The likelihood is that you have no idea what Schnur is talking about in his “Rose Bird-death penalty” comment, which is why this is a Republican smokescreen for what they really think is Brown’s vulnerability. It was 1977, some may remember, when then-Gov. Jerry Brown appointed Rose Bird as chief justice of the California Supreme Court, only to be supremely embarrassed (if it is possible for Brown to be embarrassed) when Californians voted Bird off the bench (in 1986) because of Bird’s opposition to the death penalty. Brown, who has managed to get away with appointing three members to the Oakland Unified School District Board while successfully avoiding any responsibility for their actions or for the crisis in the Oakland schools, has certainly had enough time and practice to be able to distance himself from the opinions of the late Ms. Bird.

But there is not nearly enough time or room between Mr. Brown and the little man in black whom the Republicans somewhat conveniently failed to mention in their list of Jerry Brown vulnerabilities: his aide and confidante and used-to-be-roommate Jaques Barzaghi. It would be interesting and perhaps entertaining to see how Mr. Brown should reconcile his projected role as state attorney general with his silence on the official city finding that Barzaghi was a sexual harasser in the workplace while on the city payroll on Brown’s staff. The attorney general, after all, is charged with enforcing California’s sexual harassment in the workplace laws.

Interesting, too, is Brown’s assertion in the Chronicle that he “has solid law enforcement credentials through his work combating crime in Oakland.”

Must be a different Oakland he’s talking about than the one where I drive around. A few days after Brown talked up his crime-fighting successes, Oakland had its 41st homicide of the year. We are now up to 46, putting us in line with last year’s ghastly toll.

I’m not a big believer in crime statistics as an indicator of what is actually going on in a community. A low number of reported domestic violence assaults, for example, might not mean there’s little domestic violence. It might mean that police are not taking the crime seriously, and, therefore, many women are opting not to call 911. A rising rate might mean just the opposite–that more women are gaining confidence in police willingness to investigate such crimes, and so more are coming forward.

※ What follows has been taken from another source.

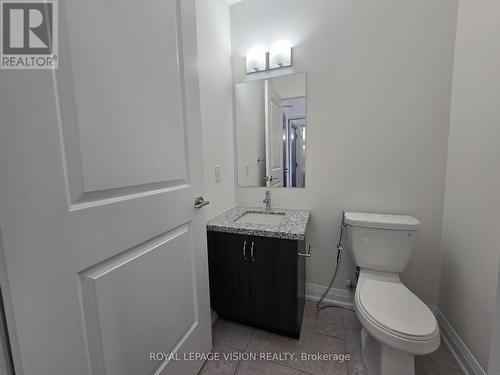 315 - 8763 Bayview Avenue W, Richmond Hill (Doncrest), ON - Indoor Photo Showing Bathroom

In other instances, police effectiveness in one area might boost the actual incidences of crime in another. When police do their jobs and bust some of the mid- or high-level drug lords (such as happened with Felix Mitchell some years ago), the established order of drug dealing is disrupted and organizations fight for control of lucrative corners. Thus, breaking up a drug gang can lead directly to an increase of drug-related murders in the short run. Looks bad in statistics, but if the community knew the cause and were prepared in advance by a city administration that talked straight with its citizens, they might be more willing to accept the temporary consequences.

Brown, however, is not one for talking straight with citizens. In fact, in between elections, he hardly talks to us at all.

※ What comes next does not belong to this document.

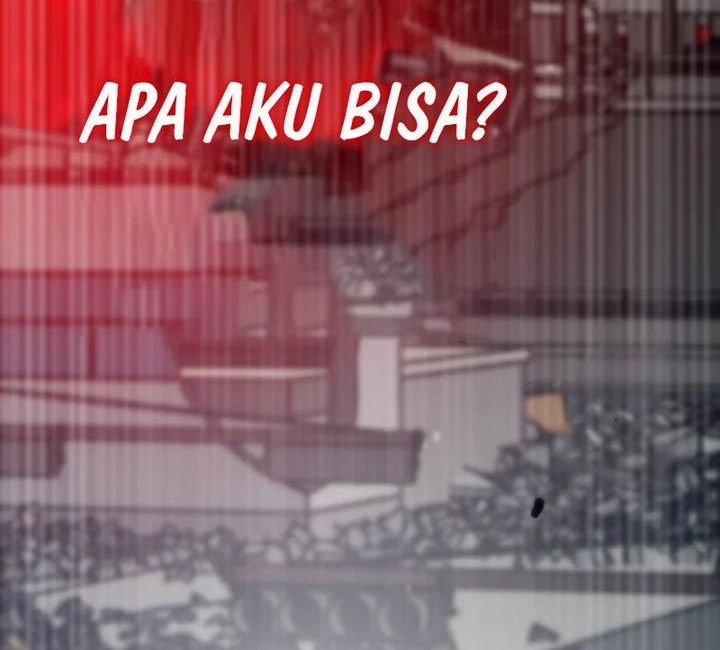 Past Life Regressor Remake 2022 Chapter 117 Halaman 83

And so it’s statistics ... and general perceptions ... that California voters will be weighing in 2006 when we decide on our next attorney general.

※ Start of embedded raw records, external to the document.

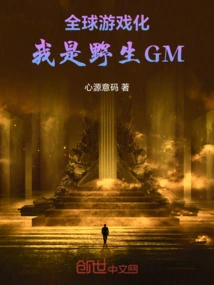 Global Gamification, I Am a Wild Gm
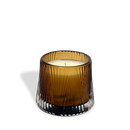 Sandalwood & Ginger (4oz)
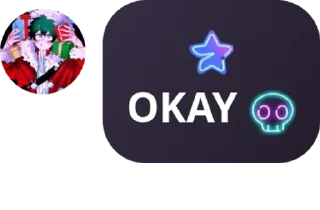 💀 emoji @star_bott Telegram sticker 7 of 50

Unless Brown gets awfully lucky and Oaklanders suddenly start practicing One Love for the next couple of years, thus dropping the crime rate dramatically and consistently for all categories, what folks are going to remember about Oakland and crime and Jerry Brown are last year’s triple-digit homicide rate, the Raider riots, the Riders (regardless of whether they are acquitted at trial), the $11 million police misconduct settlement, the dismantling of any semblance of “community policing” (even by the city administration’s own low standards of that term), and Oakland’s failure to find safe and legal outlets for its black and Latino young adults (see sideshows).

It’s a good bet that California Republicans, who have not had a lot of statewide success in recent years, would dearly love to be able to run against somebody with that kind of record.